▸ Work instructions: Nothing beyond the line containing "a white background" is to be printed; print exactly each line from the start of the records below through that line, leaving out pictures.

▸ Dataset:
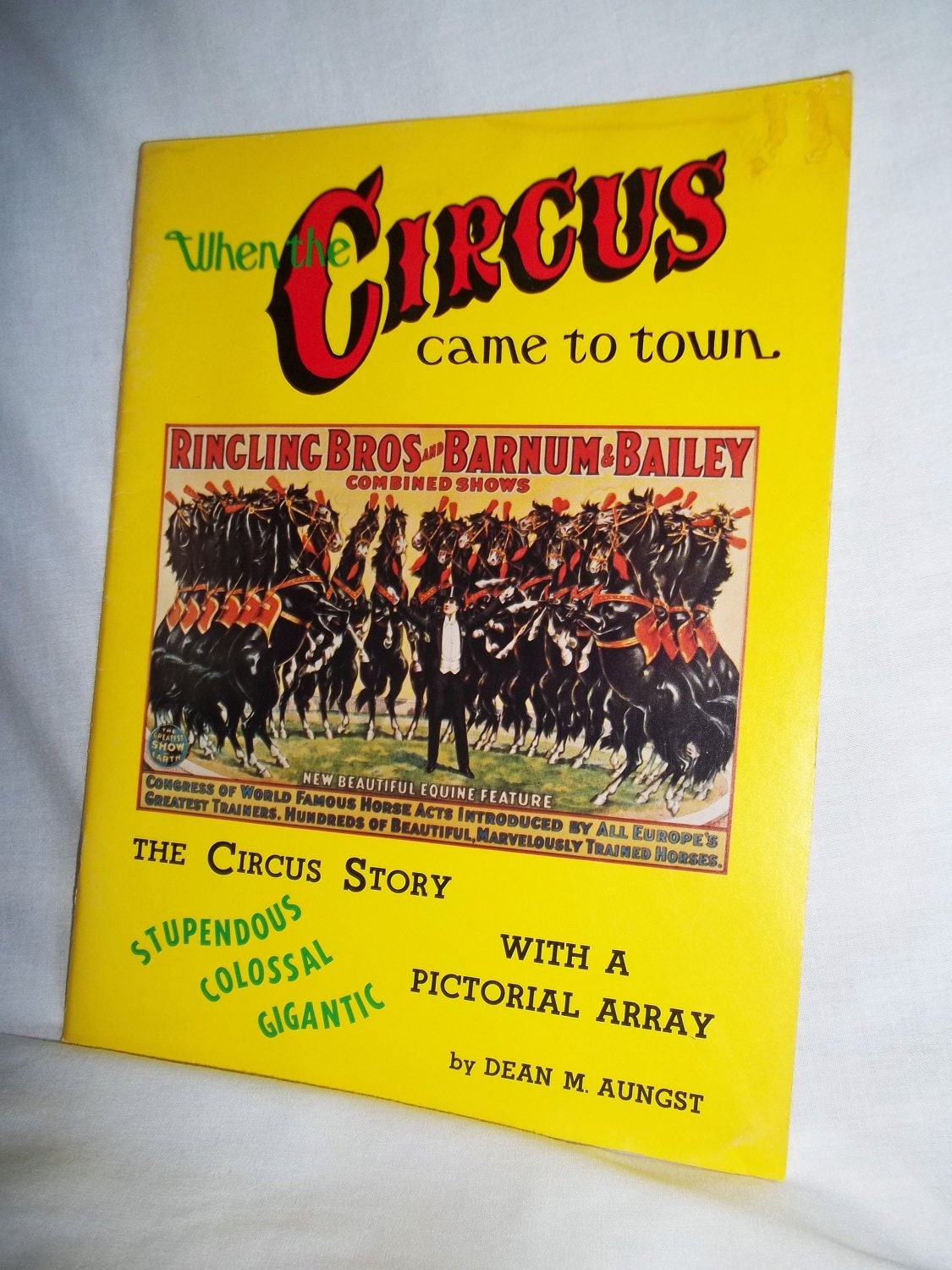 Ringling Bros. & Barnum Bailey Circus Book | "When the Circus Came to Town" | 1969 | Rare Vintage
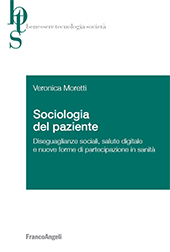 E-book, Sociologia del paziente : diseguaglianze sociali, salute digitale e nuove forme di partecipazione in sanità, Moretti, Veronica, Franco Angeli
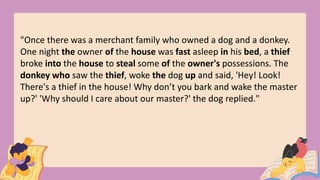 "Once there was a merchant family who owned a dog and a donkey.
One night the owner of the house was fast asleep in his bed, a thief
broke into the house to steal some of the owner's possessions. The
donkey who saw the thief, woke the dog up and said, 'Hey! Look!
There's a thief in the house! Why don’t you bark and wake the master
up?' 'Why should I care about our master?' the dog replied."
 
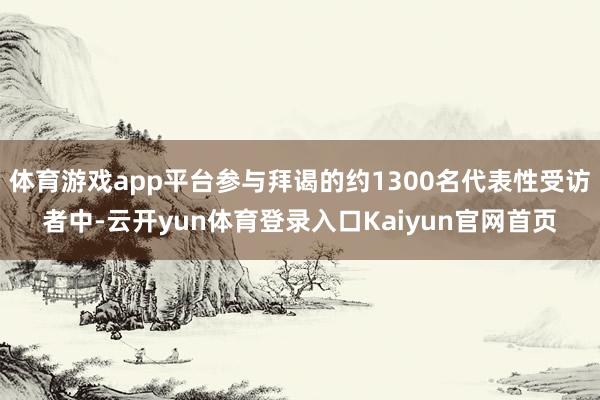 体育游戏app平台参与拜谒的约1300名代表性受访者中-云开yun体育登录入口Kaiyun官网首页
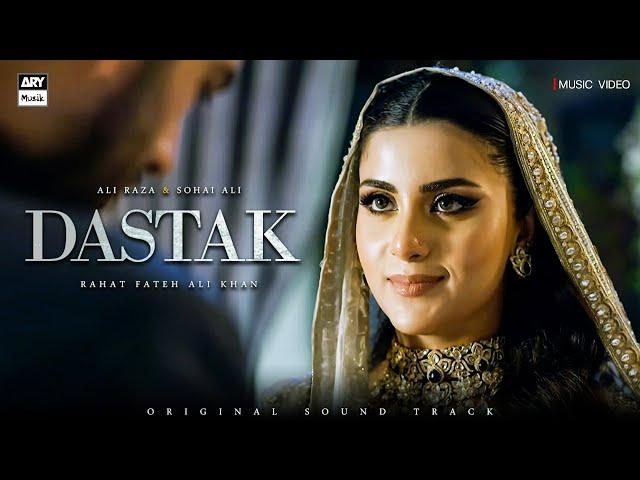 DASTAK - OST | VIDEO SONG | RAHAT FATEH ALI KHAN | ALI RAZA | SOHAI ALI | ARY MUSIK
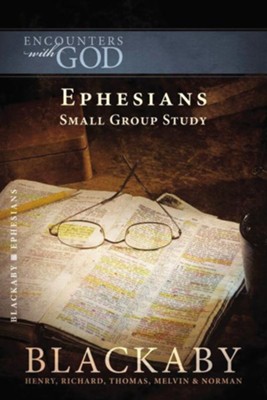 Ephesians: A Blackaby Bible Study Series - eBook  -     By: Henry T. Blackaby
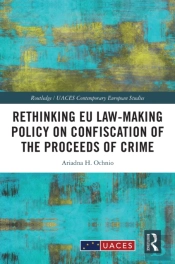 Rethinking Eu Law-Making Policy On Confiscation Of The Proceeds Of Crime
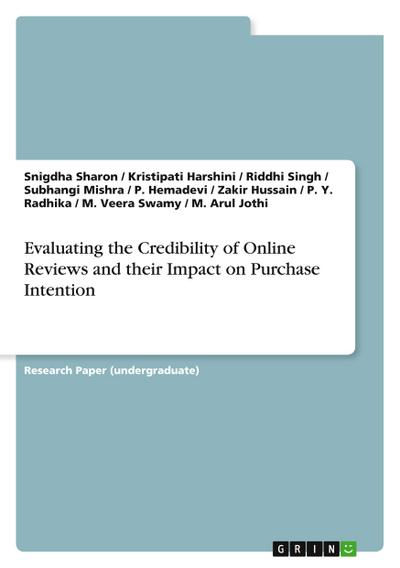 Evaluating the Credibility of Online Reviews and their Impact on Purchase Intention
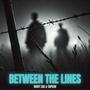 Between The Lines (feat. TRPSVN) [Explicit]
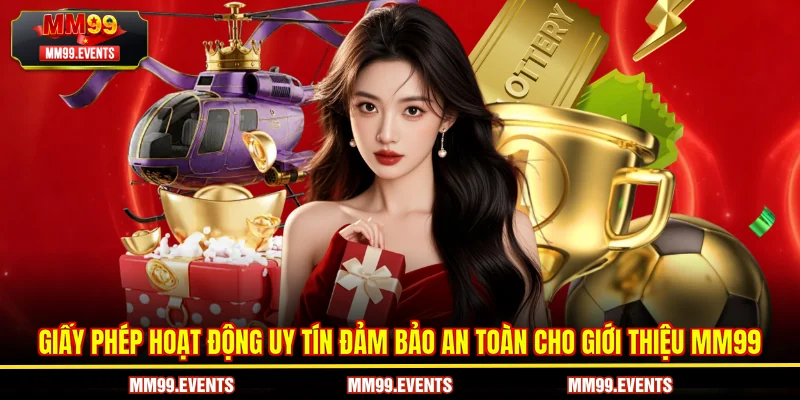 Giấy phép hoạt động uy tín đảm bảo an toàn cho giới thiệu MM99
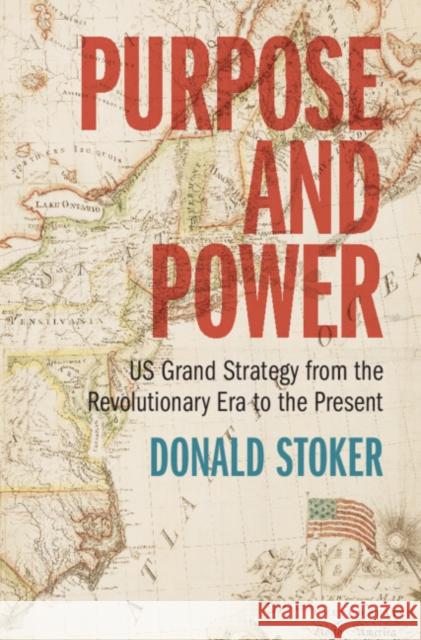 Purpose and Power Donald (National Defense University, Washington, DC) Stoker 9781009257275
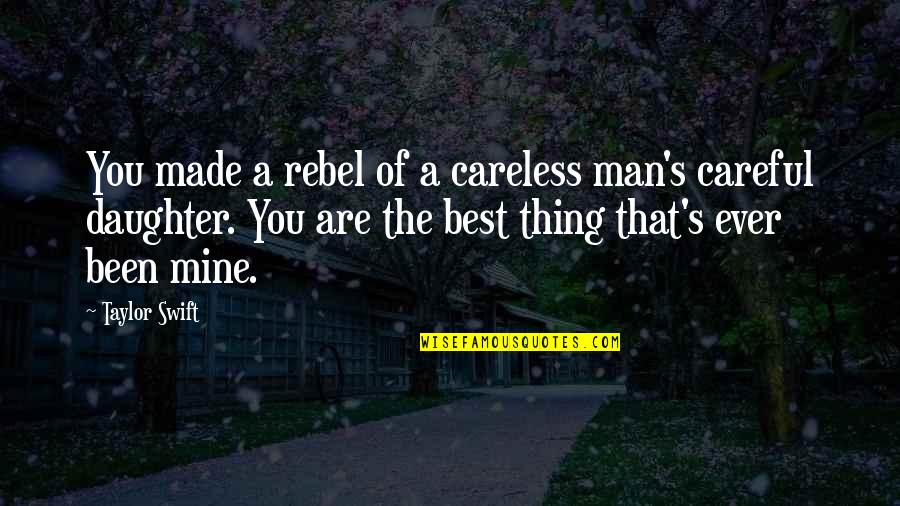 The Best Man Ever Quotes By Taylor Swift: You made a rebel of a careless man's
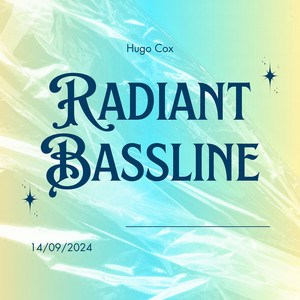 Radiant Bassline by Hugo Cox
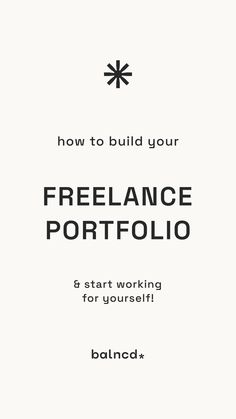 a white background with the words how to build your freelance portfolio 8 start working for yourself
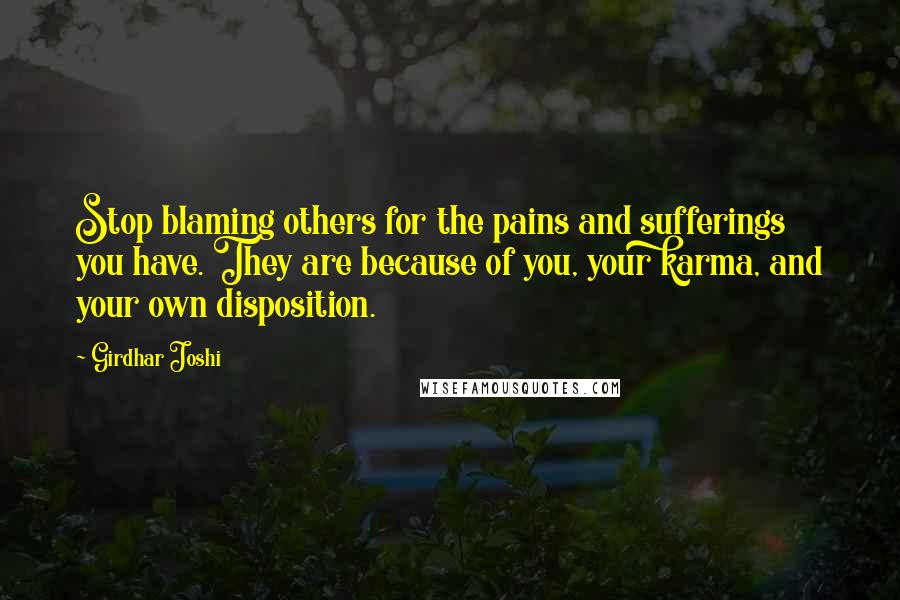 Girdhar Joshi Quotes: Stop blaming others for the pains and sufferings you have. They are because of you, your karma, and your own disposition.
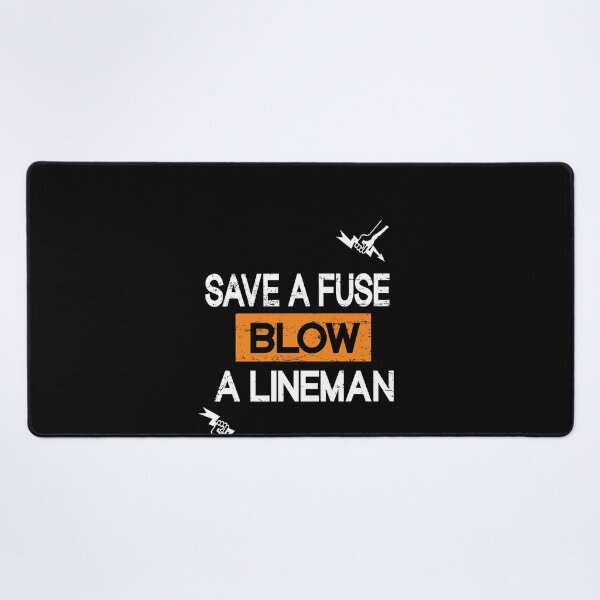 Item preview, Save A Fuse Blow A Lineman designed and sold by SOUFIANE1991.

▸ Answer space:
 Ringling Bros. & Barnum Bailey Circus Book | "When the Circus Came to Town" | 1969 | Rare Vintage
 E-book, Sociologia del paziente : diseguaglianze sociali, salute digitale e nuove forme di partecipazione in sanità, Moretti, Veronica, Franco Angeli
 "Once there was a merchant family who owned a dog and a donkey.
One night the owner of the house was fast asleep in his bed, a thief
broke into the house to steal some of the owner's possessions. The
donkey who saw the thief, woke the dog up and said, 'Hey! Look!
There's a thief in the house! Why don’t you bark and wake the master
up?' 'Why should I care about our master?' the dog replied."
 
 体育游戏app平台参与拜谒的约1300名代表性受访者中-云开yun体育登录入口Kaiyun官网首页
 DASTAK - OST | VIDEO SONG | RAHAT FATEH ALI KHAN | ALI RAZA | SOHAI ALI | ARY MUSIK
 Ephesians: A Blackaby Bible Study Series - eBook  -     By: Henry T. Blackaby
 Rethinking Eu Law-Making Policy On Confiscation Of The Proceeds Of Crime
 Evaluating the Credibility of Online Reviews and their Impact on Purchase Intention
 Between The Lines (feat. TRPSVN) [Explicit]
 Giấy phép hoạt động uy tín đảm bảo an toàn cho giới thiệu MM99
 Purpose and Power Donald (National Defense University, Washington, DC) Stoker 9781009257275
 The Best Man Ever Quotes By Taylor Swift: You made a rebel of a careless man's
 Radiant Bassline by Hugo Cox
 a white background with the words how to build your freelance portfolio 8 start working for yourself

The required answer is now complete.